まずはワンコインのサッカークリニックを開催しようと、スポンサー企業を募るとともに、開催場所を求めて奔走。「忙しすぎて当時の記憶がない」ほど走り回り、協力先が増えていった。

意志あるところに道は拓ける。府中と縁がつながったことをきっかけに、第1回目のクリニックを開催。10月には2016年度府中市・府中市教育委員会の後援も得た。

「府中のすばらしいところは、子どもたちの未来を真剣に考えて動く方がたくさんいること。活動場所を紹介してくださったり、子ども食堂と連携してチラシを置かせていただいたり。子どもたちのことを心から想う本当にたくさんの方に助けていただいています。感謝してもしきれません」

チーム活動を始めてからは、ひとり親家庭や生活保護世帯の選手には、児童扶養手当の受給状況に応じて会費を無料や半額にしたり、ユニフォームを支給したりした。

そうした仕組みに助けられた、と振り返るのは、佐藤要子さん・詩音くん親子だ。詩音くんは現在、社会人サッカークラブ・横浜猛蹴FCに所属。プロサッカー選手を目指して海外挑戦も視野に入れつつ、Peace United FCでコーチを務めている。

夢に向かって挑戦を続けているが、夢が途切れそうになった時期がある。小学5年生のとき、それまで所属していたサッカーチームを退団したのだ。

「サッカーが好きなのはわかっていたのですが、別のチームに入ると新たにユニフォームを買うことになります。シングルマザーとしては大変な出費になるため、二の足を踏んでしまいました」(要子さん)

そんな折、知人からこのクラブを紹介され、6年生から加入したことで夢がつながった。

「サッカーができることは当たり前ではないと身に染みて実感しています。だからこそ、コーチや母への感謝を忘れたことはありませんし、うまくいかずに心が折れかけたときも立ち上がることができました。子どもたちにはサッカーの楽しさとともに、感謝の気持ちを持つことの大切さを伝えたいです」(詩音くん)

詩音くんの成長に、白石氏も目を細める。

「指導においては、あいさつや感謝、チームワーク、仲間や道具を大切にするといった人間性を最も重視するとともに、高校年代以降のサッカーに対応できるよう、そのために必要な技術や考え方を伝えています。詩音は私たちが大切にしていることを体現している選手。何よりこうして自分がチームで習ったことを次は伝えたいと戻ってきてくれたことがうれしく、誇らしく思います」

「平等」の願いは世界へ

設立10年目を迎えたPeace United FCは、「すべての子どもが平等に夢を追い続けられるように」との思いを軸に、同じ思いを抱くチームや人と世界規模でつながりつつある。

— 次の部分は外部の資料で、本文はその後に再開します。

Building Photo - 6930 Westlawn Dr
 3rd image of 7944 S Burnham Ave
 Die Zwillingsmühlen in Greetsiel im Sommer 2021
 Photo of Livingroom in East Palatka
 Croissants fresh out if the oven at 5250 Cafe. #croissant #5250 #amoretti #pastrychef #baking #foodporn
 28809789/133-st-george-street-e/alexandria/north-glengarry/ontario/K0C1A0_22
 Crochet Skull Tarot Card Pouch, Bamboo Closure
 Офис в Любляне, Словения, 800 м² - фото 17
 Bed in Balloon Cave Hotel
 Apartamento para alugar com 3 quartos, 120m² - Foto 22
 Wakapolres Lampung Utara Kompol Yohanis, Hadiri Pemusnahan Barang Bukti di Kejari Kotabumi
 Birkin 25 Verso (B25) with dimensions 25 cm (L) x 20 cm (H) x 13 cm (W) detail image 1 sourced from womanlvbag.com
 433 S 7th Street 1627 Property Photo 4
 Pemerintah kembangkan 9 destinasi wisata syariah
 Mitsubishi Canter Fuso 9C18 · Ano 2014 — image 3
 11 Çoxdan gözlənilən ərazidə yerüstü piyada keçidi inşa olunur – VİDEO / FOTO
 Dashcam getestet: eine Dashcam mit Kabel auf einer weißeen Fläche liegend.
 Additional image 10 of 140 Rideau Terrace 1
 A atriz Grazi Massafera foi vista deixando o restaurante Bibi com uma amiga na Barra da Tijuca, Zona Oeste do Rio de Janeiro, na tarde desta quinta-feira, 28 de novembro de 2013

例えば、鹿児島実業高校で遠藤保仁氏らを育てた元ブラジル代表ゼ・カルロス氏もその一人。2023年、理念に共感してアドバイザーに就任し、来日の際は自ら指導も行った。希望すれば、氏が担当するブラジルの提携クラブのアンダーカテゴリーでトライアウトが受けられる。

また、同年、元日本代表の長谷川アーリアジャスール氏の紹介で、ウクライナの子どもを受け入れているスペインのチームともクラブ協力提携を結んだ。

「活動理念がとても似ているからとの理由で紹介してもらいましたが、戦争によりサッカーができなくなったウクライナの子どもたちを自ら大型バス2回分も迎えに行かれたとのことで、お会いしたときから尊敬の念を抱いています」

いざスペインを訪れてみると、トップチームや語学のアカデミー、寮まで構えられていて、スケールの大きさにも驚いた、と白石氏は振り返る。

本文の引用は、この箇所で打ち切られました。